■ Your task ■
The copy must run from the first line of the entries below through the line containing "With the pre-processing", restated word for word, with pictures left out.

■ Exercise inputs ■
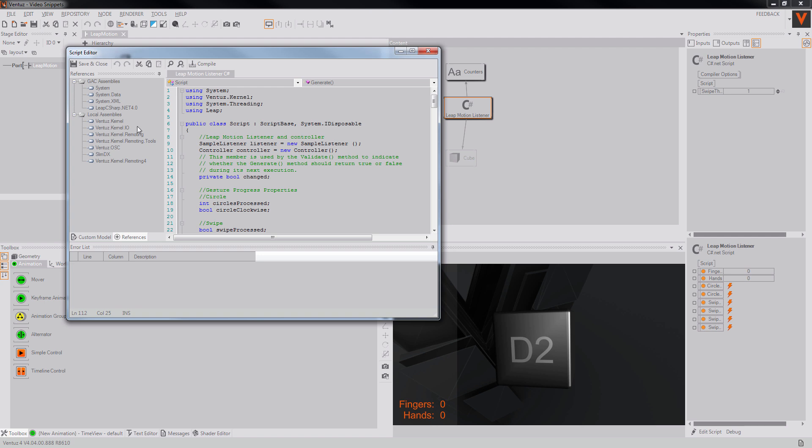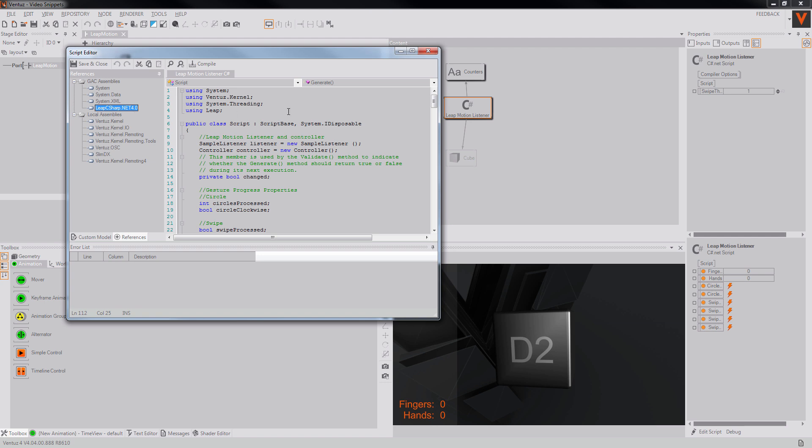Fortunately Ventus is just as flexible and can easily use the C Sharp script. All you need to do is either import the DLL via a GAC assembly or use it directly through reflection. When done you can simply build a C Sharp script node.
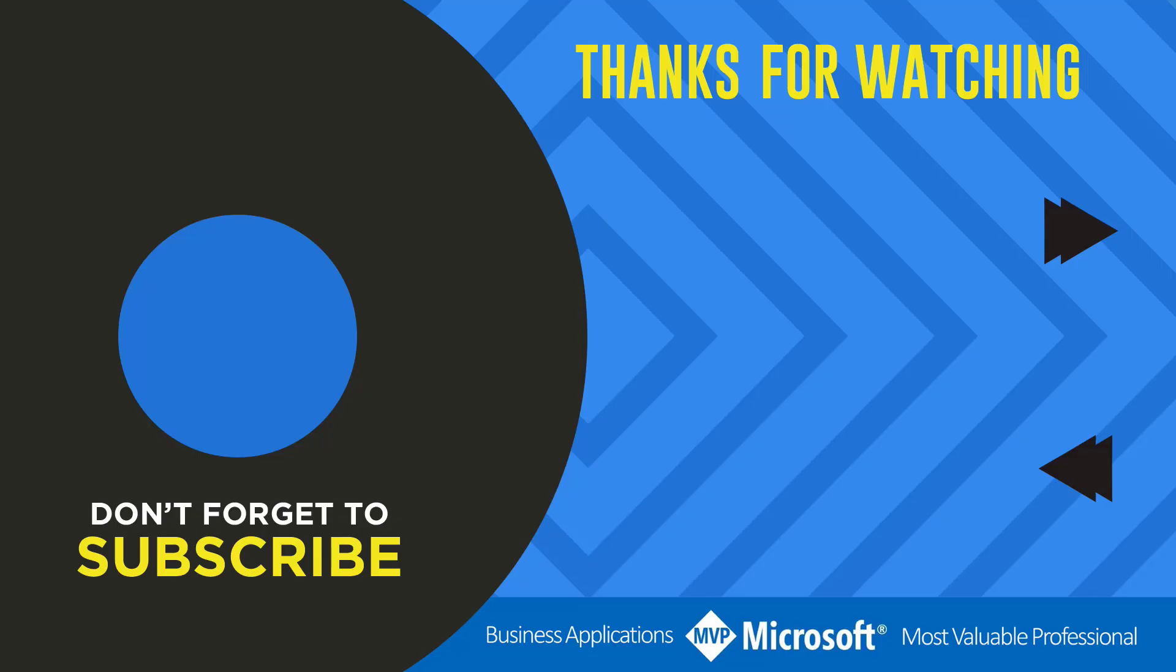Thanks for watching another video by me, Flow Joe. If you like the video, don't forget to hit that like button or select a video on your screen right now to continue learning more about the Power Platform.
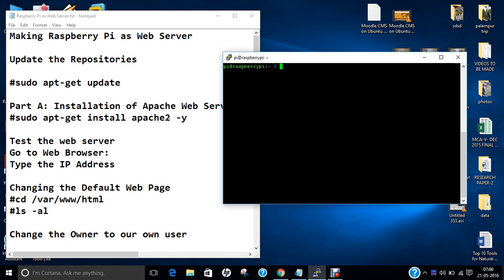Hello researchers, how are you? I hope you are fine and doing well. In this video, I will be demonstrating a step-by-step procedure of how to make Raspberry Pi a web server.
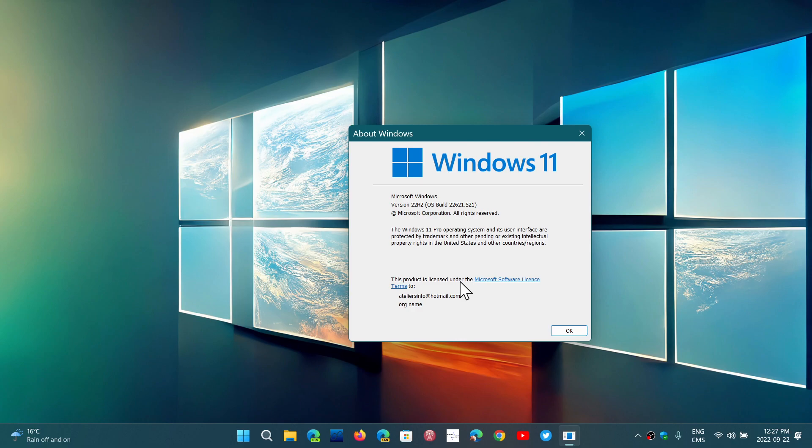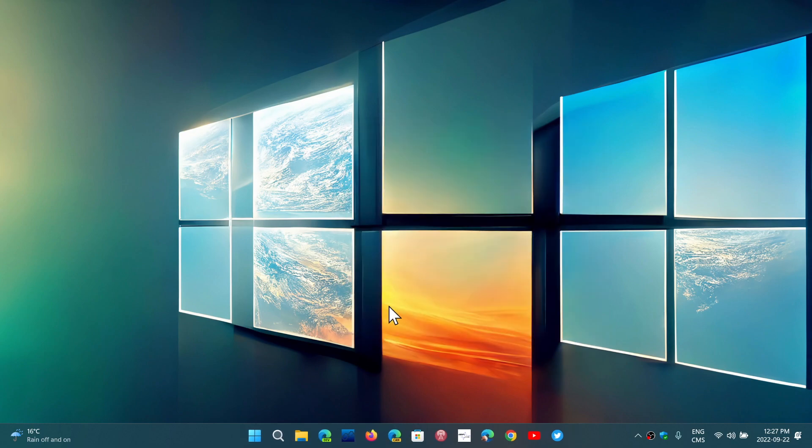So, Windows 11, there's no end of life, but there is an end of support, which is a different thing, which is 24 months starting from now. So if you're on the first version, you still have a year before it ends, and if you're moving to 22H2 or this one, you'll have two years starting from now before end of support of Windows 11.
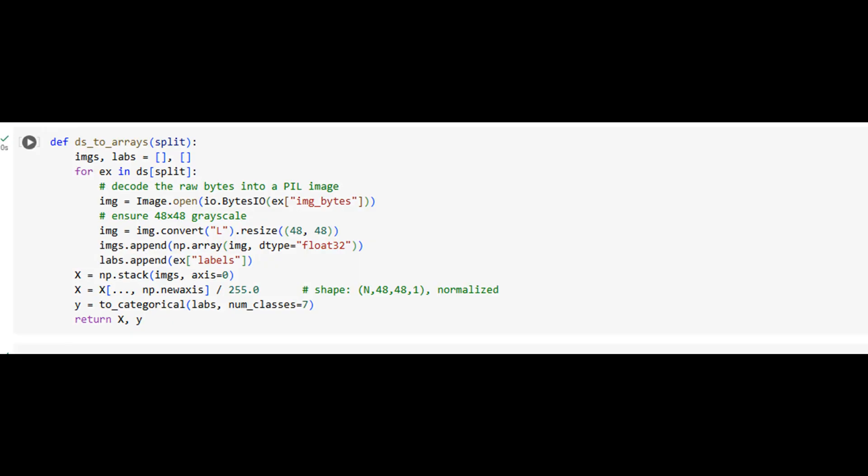With the pre-processing function defined, we apply it to the entire dataset, processing both training and test sets into structured NumPy arrays. Here, we verify the shapes to ensure proper alignment between input images and output labels. At this point, we now have 28,709 clean training samples and 7,178 samples set aside for validation. This clear separation helps evaluate the model's ability to generalize to unseen data, which is the cornerstone of machine learning success.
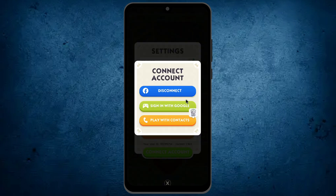Here is the option Disconnect from Facebook. Simply tap on this one, and your account will be signed out from Facebook. So by using this method, you can sign out your Monopoly Go account from Facebook.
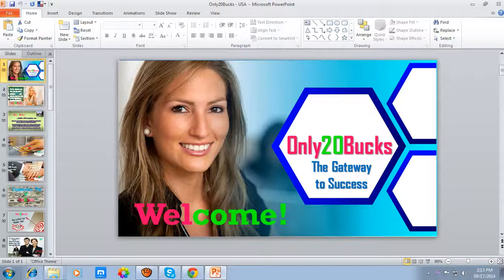We have to click the button named Slideshow — this icon named Slideshow. You can find it in the right bottom corner of your PC.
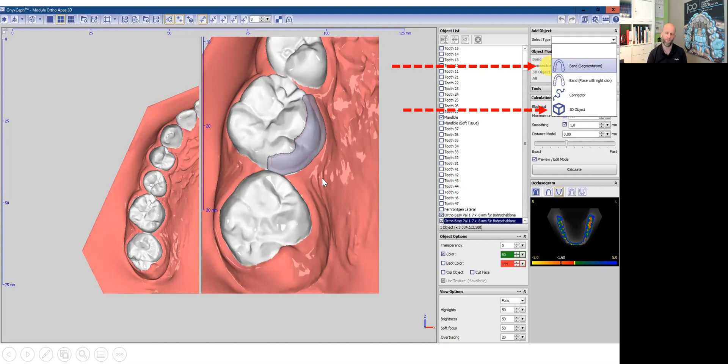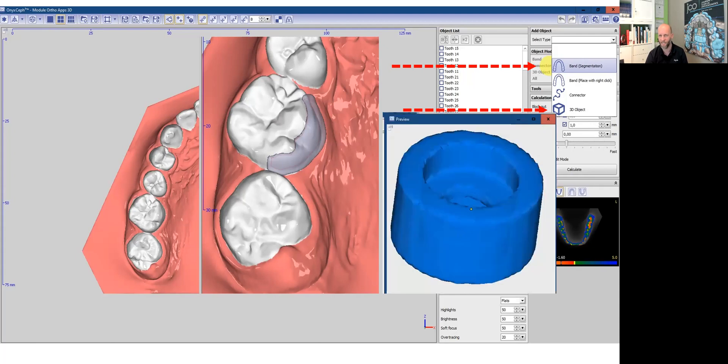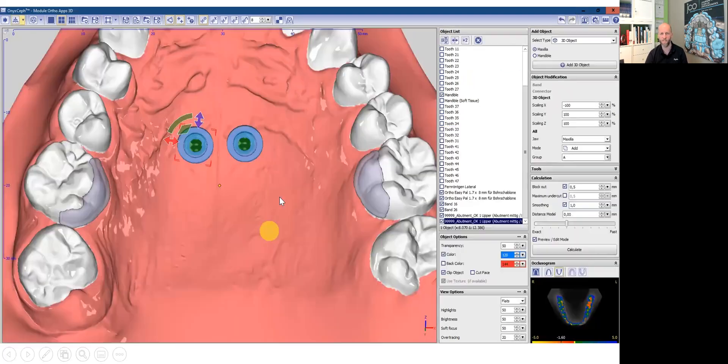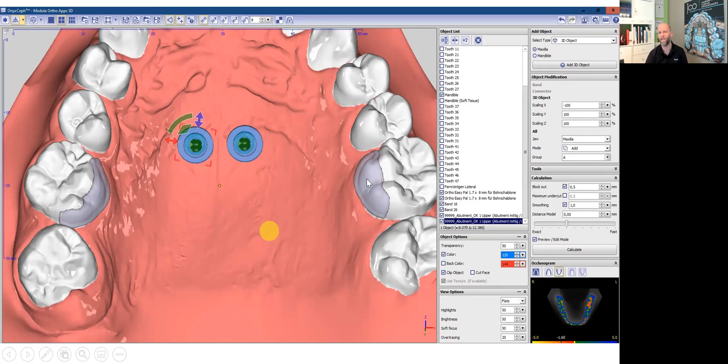After we have placed the band, the molar pad, I click on 3D objects. And what we need as a 3D object is now an abutment because we have the tabs already in the bone. And on top of the tab, we need an abutment. So we select out of the 3D object list an abutment. This is automatically transferred to the corresponding tabs. So now we have the tabs, the abutments and the palatal molar pads.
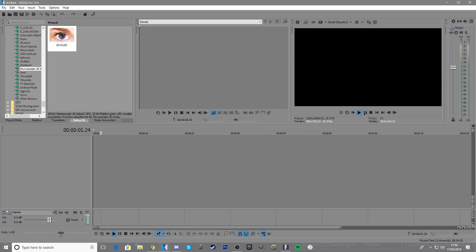Hey everybody, welcome to my first tutorial. Today we're doing the glitch text effect on Sony Vegas Pro. I'm using Sony Vegas Pro 14, but I'm pretty sure it'll work with most Sony Vegas versions.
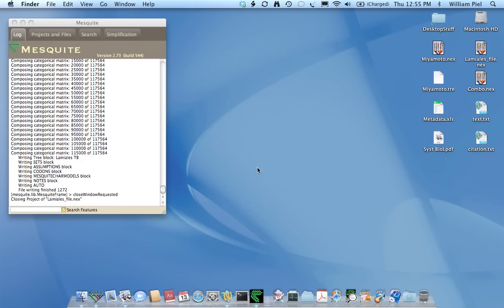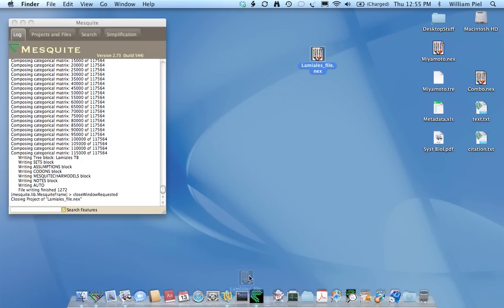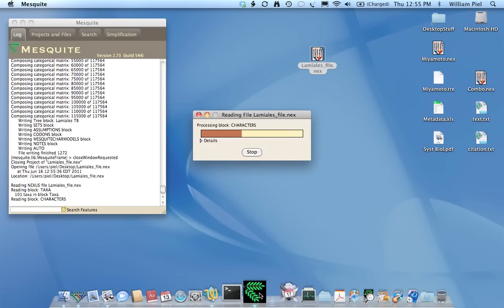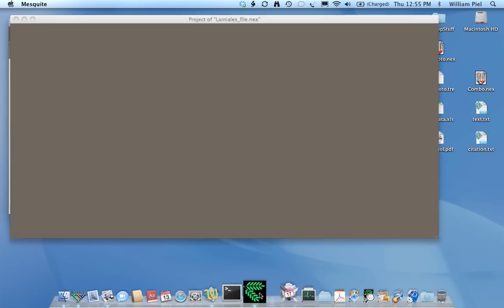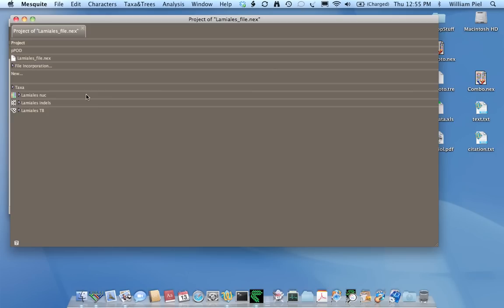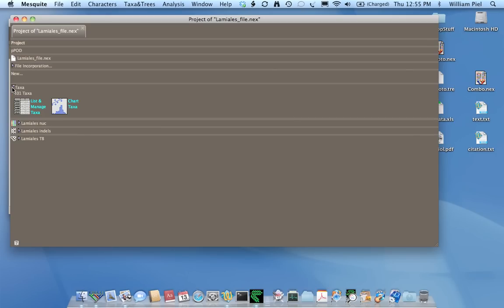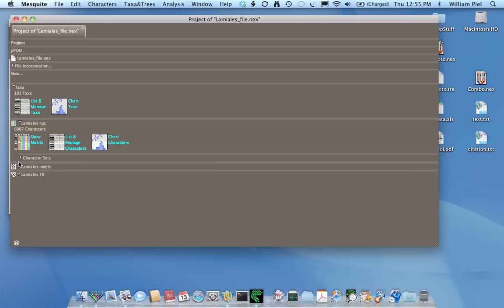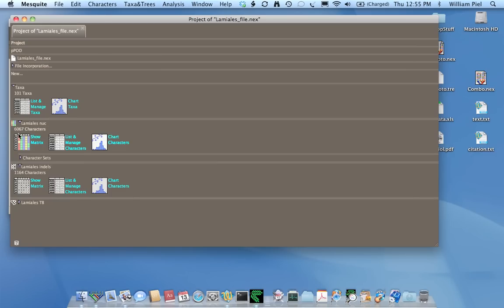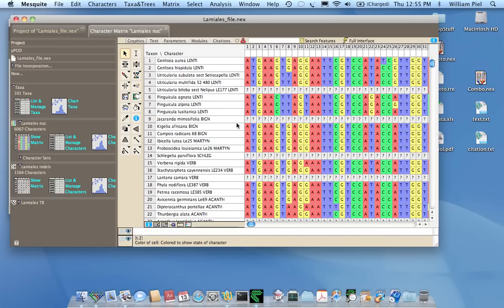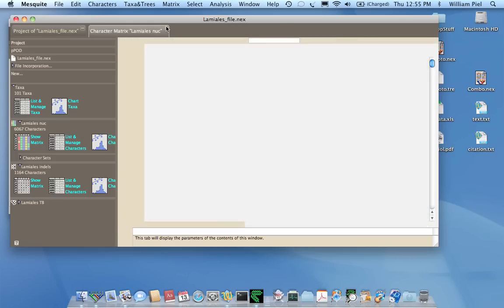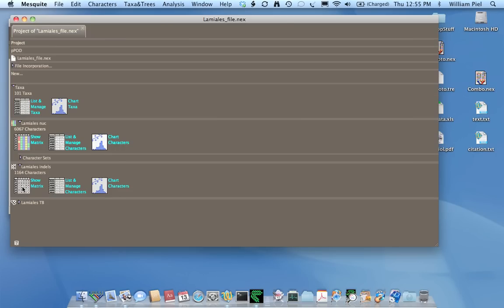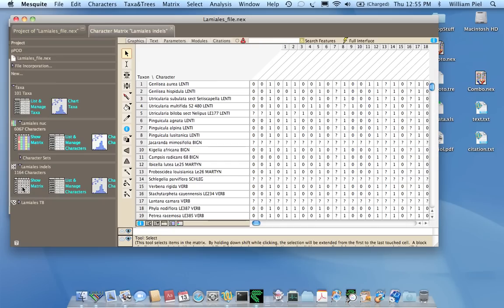In addition, they ensure the integrity of the various components that make up your submission. For example, let's take a look at the parts of this Nexus file in Mesquite. We open it up, and we notice that there's a taxon block here, and inside that taxon block or associated with it are two matrices, some DNA sequences, and some indels which are scored in zeros and ones in this case.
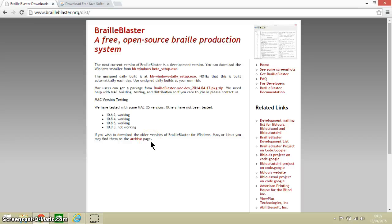Hello everyone and welcome to this video. In this video I want to introduce and demonstrate how to install a free piece of software called BrailleBlaster.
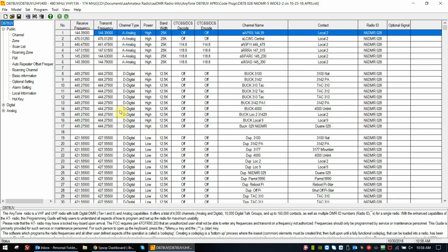Hi, this is Duane N6DMR. Today I'm going to be going over a quick setup video for the AnyTone D878UV radio for APRS settings.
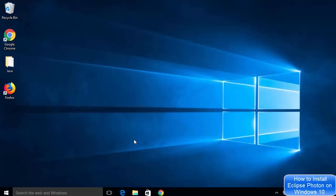Hey guys, in this video I'm going to show you how you can download and install Eclipse Photon on your Windows 10 operating system. So let's get started and let's see how we can do it.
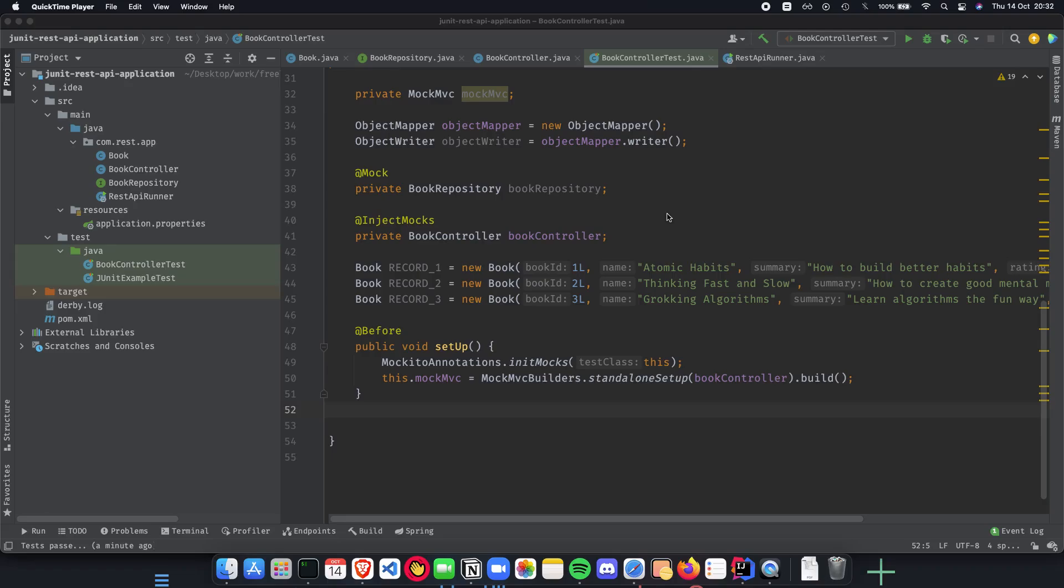This video is a collaboration with Programming Knowledge. Welcome to the sixth video of our JUnit plus Spring Boot REST API tutorial where we learn how to write unit tests for our Spring Boot REST API application.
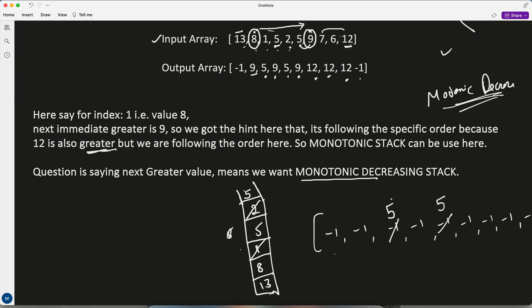Then 9 comes. Putting 9 would break monotonic decreasing, so pop the 5 at index 5 — its next greater is 9. Also pop the 5 at index 3 — its next greater is also 9. Then 9 is also greater than 8 (index 1), so pop that too — its next greater is 9. Since 9 is smaller than 13, we push 9. Stack now holds 13 and 9.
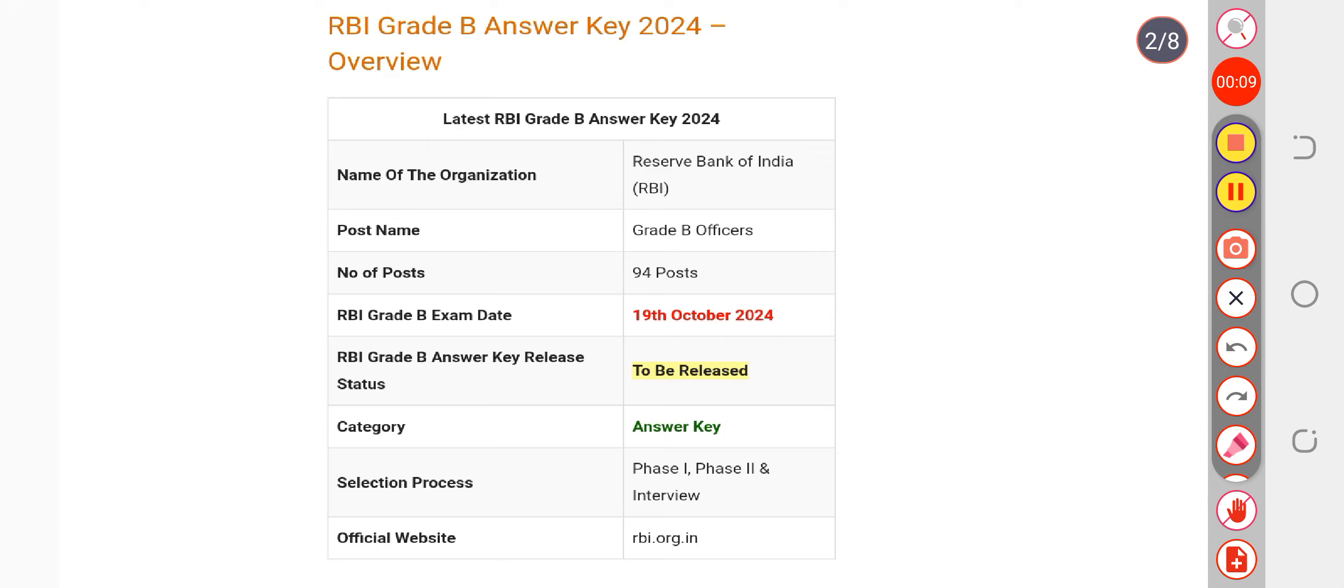They will also make the objection form available to all candidates. The objection form will help you if you find any incorrect answers or any answers you find to be challengeable. You can fill the objection form to challenge those answers.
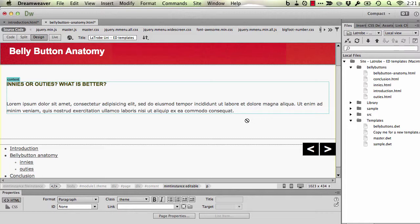What we're in essence going to do is create superscript, and you might be familiar with that in Word where you've got the text slightly above the line. Unfortunately, Dreamweaver doesn't have a ready button for that. I wish it was so, but none of these buttons create superscript, so we're going to have to do this by slightly more indirect means.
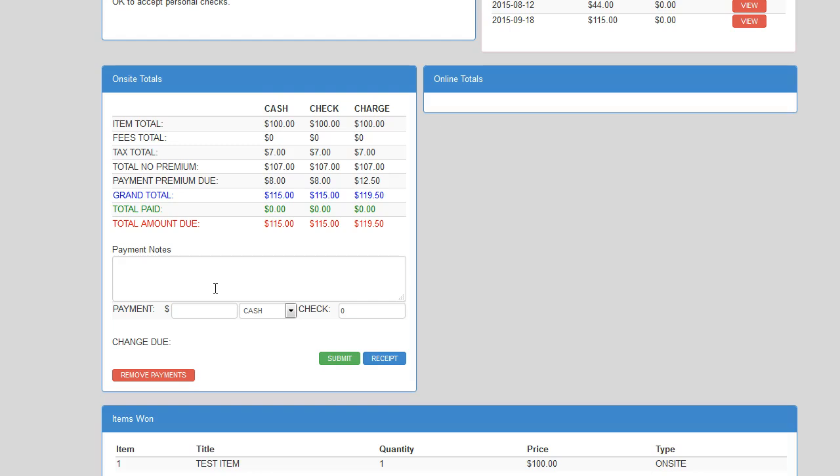This screen will also allow you to accept multiple methods of payment, and GabbleBuddy will accurately tell your cashier what the remaining balances are.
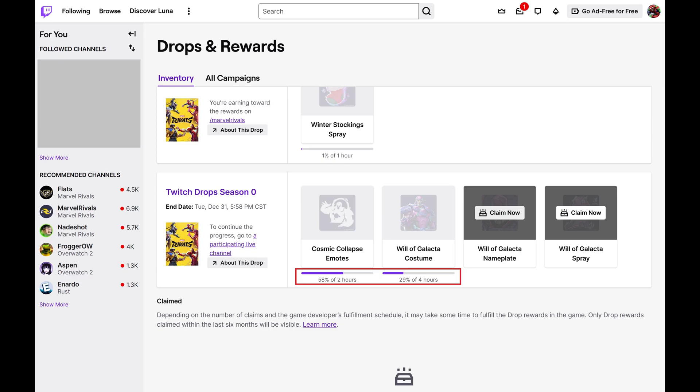If there are drops where you've completed the progress, you'll see a Claim Now button on them.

■ Solved exercise ■
Fortunately Ventus is just as flexible and can easily use the C Sharp script. All you need to do is either import the DLL via a GAC assembly or use it directly through reflection. When done you can simply build a C Sharp script node.
Thanks for watching another video by me, Flow Joe. If you like the video, don't forget to hit that like button or select a video on your screen right now to continue learning more about the Power Platform.
Hello researchers, how are you? I hope you are fine and doing well. In this video, I will be demonstrating a step-by-step procedure of how to make Raspberry Pi a web server.
So, Windows 11, there's no end of life, but there is an end of support, which is a different thing, which is 24 months starting from now. So if you're on the first version, you still have a year before it ends, and if you're moving to 22H2 or this one, you'll have two years starting from now before end of support of Windows 11.
With the pre-processing function defined, we apply it to the entire dataset, processing both training and test sets into structured NumPy arrays. Here, we verify the shapes to ensure proper alignment between input images and output labels. At this point, we now have 28,709 clean training samples and 7,178 samples set aside for validation. This clear separation helps evaluate the model's ability to generalize to unseen data, which is the cornerstone of machine learning success.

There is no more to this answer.